On 8/24/20 8:17 PM, Marek Olšák wrote:
SET_SH_REG won't work with CP register shadowing. You need to use WRITE_DATA or WREG32.
You are right, will fix.

Marek

On Mon, Aug 24, 2020 at 7:57 AM Samuel Pitoiset <samuel.pitoi...@gmail.com <mailto:samuel.pitoi...@gmail.com>> wrote:

    A trap handler can be used by userspace to catch shader exceptions
    like divide by zero, memory violations etc.

    On GFX6-GFX8, the registers used to configure TBA/TMA aren't
    privileged while on GFX9+ they are per VMID and privileged,
    so that only the KMD can configure them.

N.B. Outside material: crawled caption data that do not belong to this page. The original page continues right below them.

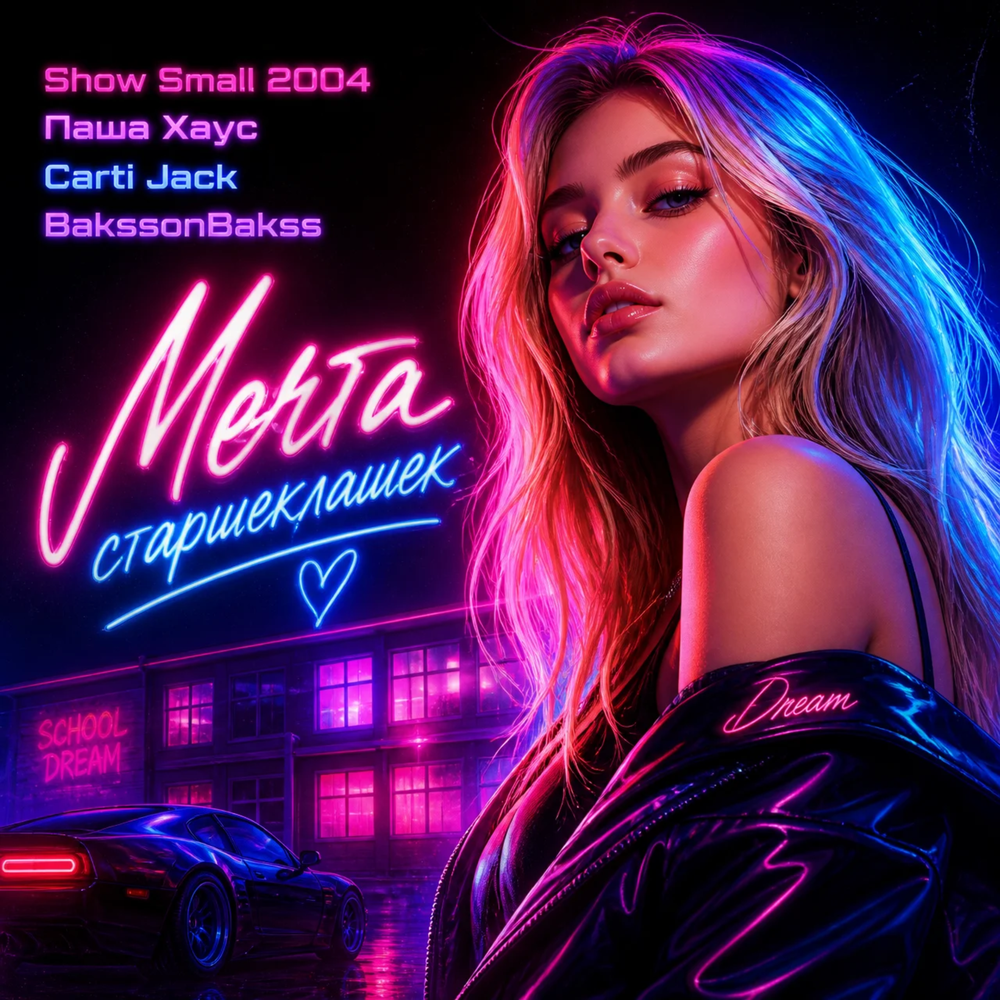 Мечта старшеклашек (prod. by kinderyessir) - Show Small 2004, Паша Хаус, Carti Jack, BAK$$ONBAK$$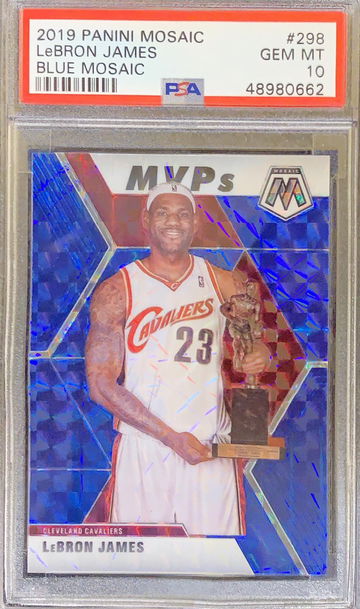 2019 Mosaic MVP Lebron James Blue #/99 PSA 10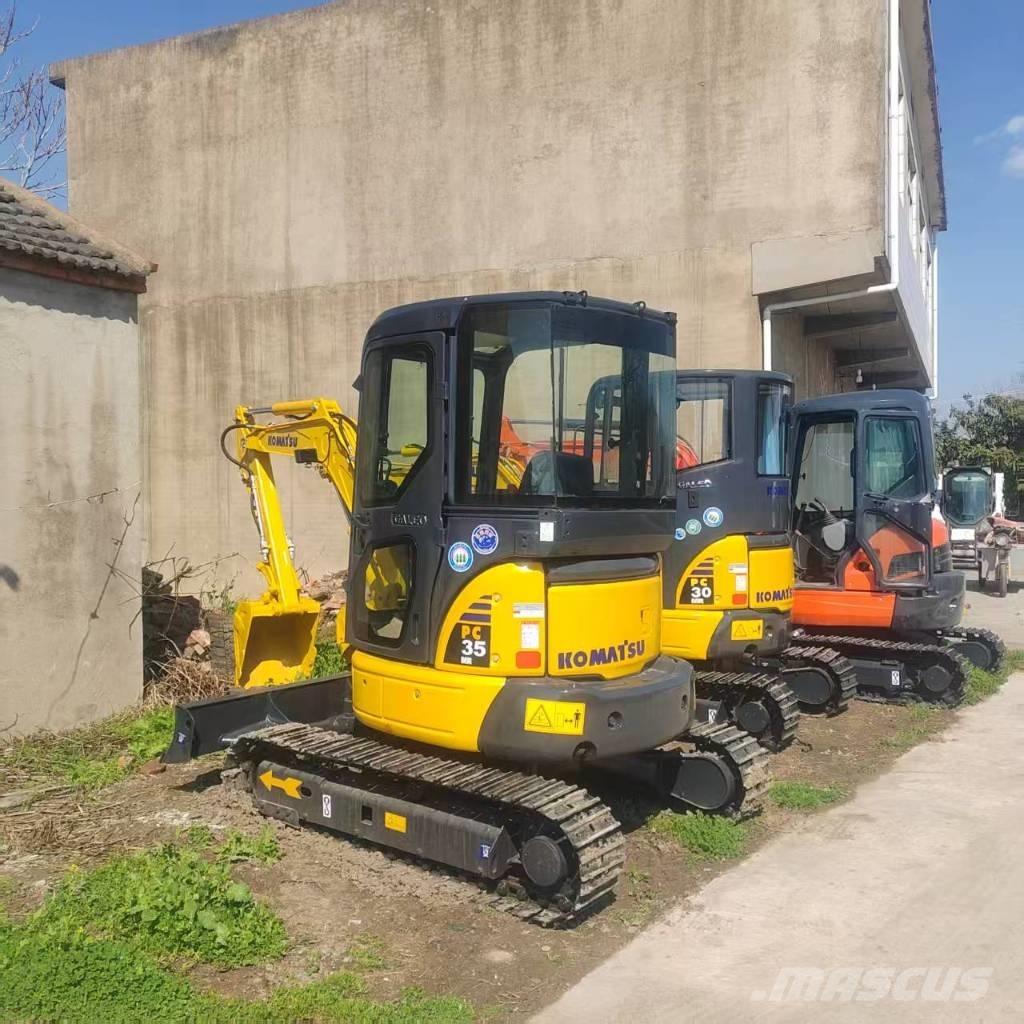 Komatsu PC 35 Bandgrävare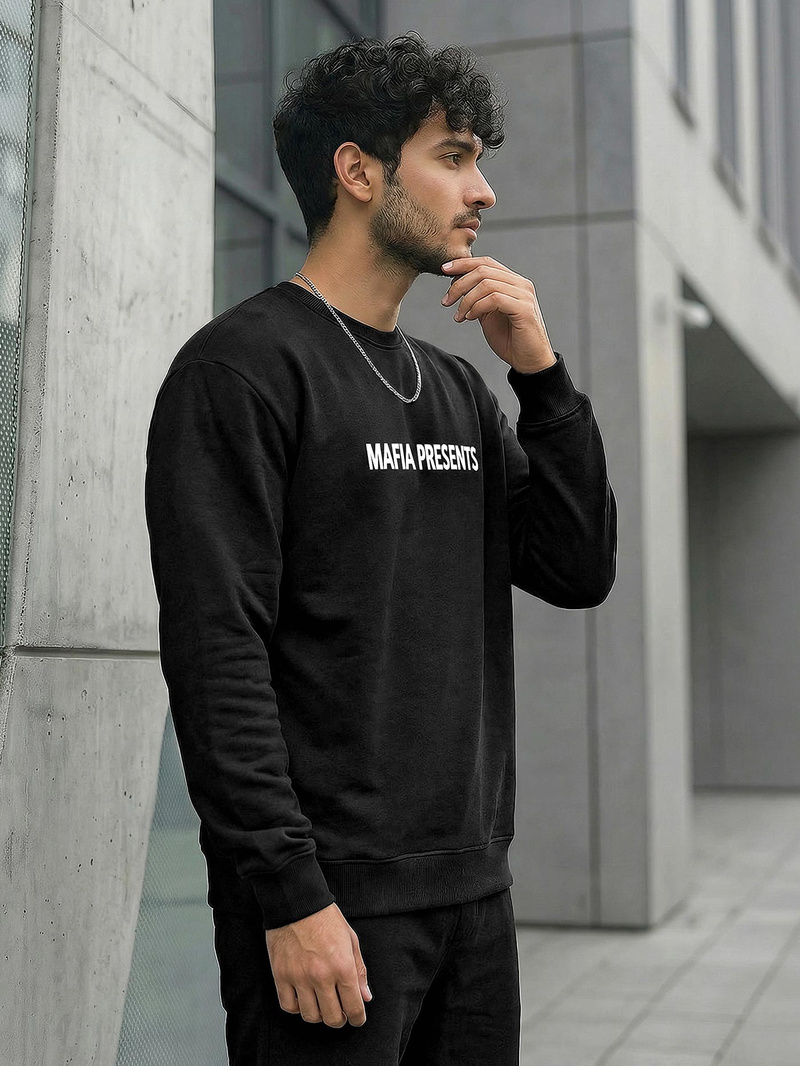 Juodas vyriškas džemperis OZONEE JS/65B3919/3Z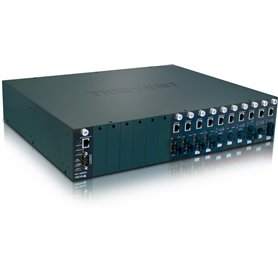 TRENDnet - Boîtier Système de Conversion FIBRE à 16 Baies, TFC-1600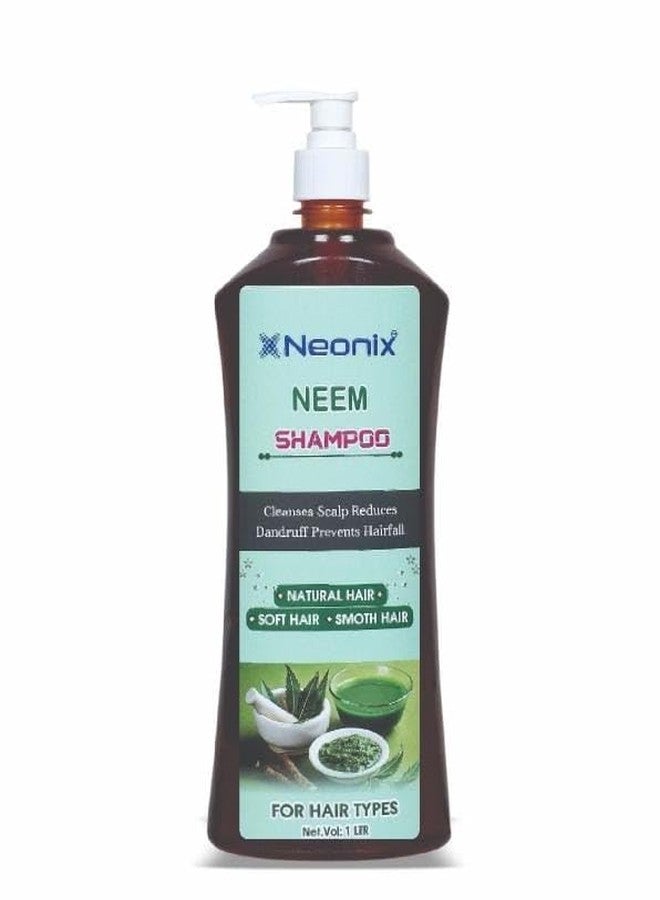 Neonix Neem Shampoo for Soft, Shine, Smooth, Damage Repair, Dandruff, Frizz Control, and Hydrated Hair | All-Natural, Gentle, and Safe for All Hair Types- 1 LTR - Image 1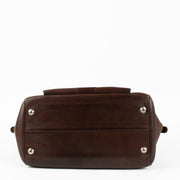 Shop this authentic Delvaux Brown Bridon Brillant 12H Bag pre-loved on Labellov.com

    This introduces a new CS chunk that can be used to set the
    TBA/TMA virtual address at submit time.

    TODO:
    - add GFX 6,7 and 10 support
    - rebase on top of amd-staging-drm-next (this branch currently
    hangs my GPU at boot)

    Signed-off-by: Samuel Pitoiset <samuel.pitoi...@gmail.com
    <mailto:samuel.pitoi...@gmail.com>>
    ---
     drivers/gpu/drm/amd/amdgpu/amdgpu_cs.c   | 31 +++++++++++++++++
     drivers/gpu/drm/amd/amdgpu/amdgpu_drv.c  |  3 +-
     drivers/gpu/drm/amd/amdgpu/amdgpu_ids.h  |  4 +++
     drivers/gpu/drm/amd/amdgpu/amdgpu_job.h  |  4 +++
     drivers/gpu/drm/amd/amdgpu/amdgpu_ring.h |  4 +++
     drivers/gpu/drm/amd/amdgpu/amdgpu_vm.c   | 15 ++++++++-
     drivers/gpu/drm/amd/amdgpu/gfx_v8_0.c    | 42
    ++++++++++++++++++++++--
     drivers/gpu/drm/amd/amdgpu/gfx_v9_0.c    | 19 +++++++++++
     include/uapi/drm/amdgpu_drm.h            |  8 +++++
     9 files changed, 126 insertions(+), 4 deletions(-)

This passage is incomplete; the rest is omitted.